Le procureur général de Virginie, Jay Jones, a annoncé son intention de faire appel de la décision rendue par un tribunal de circuit de Tazewell. Cette décision fait suite à une requête d’ordonnance d’interdiction temporaire déposée par le Comité national républicain et le Comité national républicain du Congrès, qui contestent la légalité du calendrier et de la formulation du référendum.
Bien que provisoire, cette suspension pourrait compromettre la tenue du référendum prévu le 21 avril. L’ordonnance d’interdiction est en vigueur jusqu’au 18 mars, date à laquelle le vote anticipé doit débuter le 6 mars.
Les républicains, représentés par les élus Ben Cline et Morgan Griffith, soutiennent que les démocrates ont précipité l’adoption de lois relatives au redécoupage, malgré des obstacles juridiques. Dans un communiqué, le Comité national républicain a salué une « victoire massive dans la défense d’une représentation équitable pour chaque habitant de Virginie ».

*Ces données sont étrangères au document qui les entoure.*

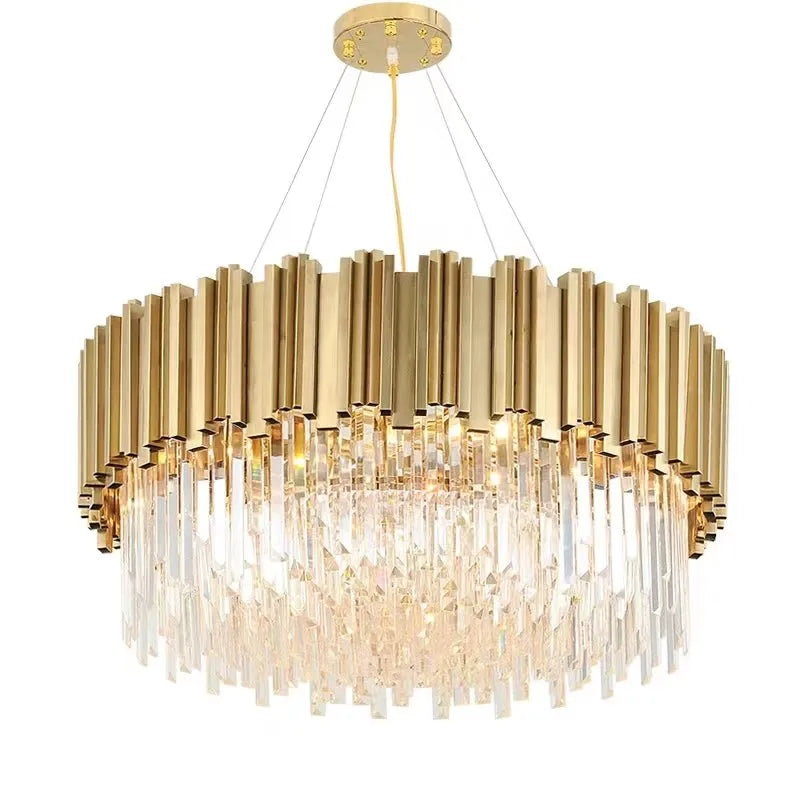 Crystal Gold Chandeliers: Modern Luxury for Villa Living Room - Nordic Design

Ce n’est pas la première fois que le juge Jack Hurley Jr., de la Cour de circuit de Tazewell, se prononce contre le plan démocrate. En janvier, il avait déjà jugé qu’une résolution visant à modifier la Constitution avait été adoptée illégalement lors d’une session législative extraordinaire, trop proche des élections de mi-mandat. La Cour suprême de l’État avait toutefois autorisé le référendum à se dérouler en attendant l’examen de l’appel.
Cette affaire s’inscrit dans un contexte national de redécoupage des circonscriptions, initié l’année dernière par l’ancien président Donald Trump, qui avait incité les responsables républicains du Texas à redessiner les cartes électorales pour favoriser son parti. Les républicains espèrent ainsi gagner jusqu’à neuf sièges supplémentaires à la Chambre des représentants dans plusieurs États (Texas, Missouri, Caroline du Nord et Ohio). Les démocrates, de leur côté, visent à remporter six sièges en Californie et dans l’Utah, et espèrent compenser, en partie ou en totalité, les trois sièges restants en Virginie.

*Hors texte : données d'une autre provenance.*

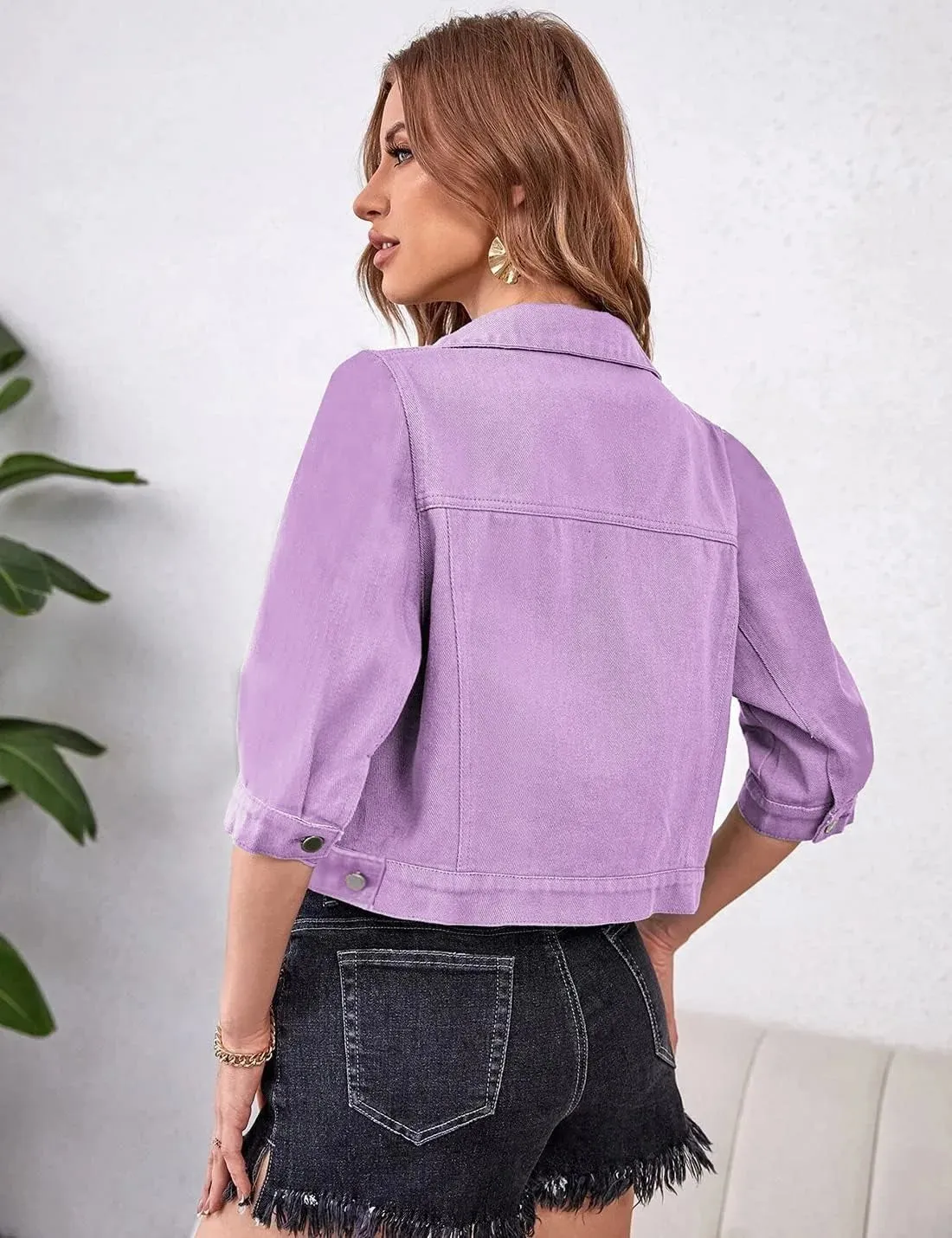 Women Boxy Denim Jacket with 3/4 Sleeves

Avant la décision de jeudi, les démocrates étaient optimistes, ayant présenté un projet de carte qui pourrait leur donner quatre sièges supplémentaires. Le président de la Chambre des représentants de Virginie, Don Scott, a déclaré être convaincu que l’ordonnance du tribunal serait annulée. « La Cour suprême de Virginie a déjà clairement indiqué que cette question serait soumise aux électeurs, mais les républicains, mécontents de cette décision, sont retournés vers leur juge favorable », a-t-il déclaré.

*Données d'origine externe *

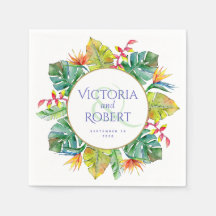 Napkins mariage | Aquarelle tropicale florale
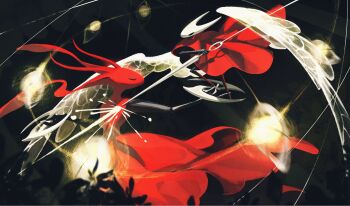 Rule 34 | 2girls, ant girl, antennae, arthropod girl, black eyes, black skin, boss fight, cloak, closed eyes, colored skin, commentary, corvus noctis, dress, highres, holding, holding weapon, hollow eyes, hollow knight, hollow knight: silksong, horned mask, hornet (hollow knight), horns, looking at another, mask, multicolored skin, multiple girls, needle (hollow knight), no mouth, red cloak, red dress, red skin, skarrsinger karmelita (hollow knight), weapon, white mask, wings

Les démocrates avaient également tenté de limiter le nombre de tribunaux susceptibles de se saisir de telles affaires. Après le dépôt de la première plainte républicaine à Tazewell, une région conservatrice du sud-ouest de la Virginie, les législateurs démocrates avaient adopté une loi stipulant que les actions en justice liées aux amendements constitutionnels ou à leurs élections ne pourraient être portées que devant la Cour de circuit de la ville de Richmond. La gouverneure démocrate de Virginie, Abigail Spanberger, avait signé cette loi et fixé la date du référendum au 21 avril. Les républicains ont toutefois maintenu que Tazewell restait un lieu approprié, une position que le juge Hurley a acceptée.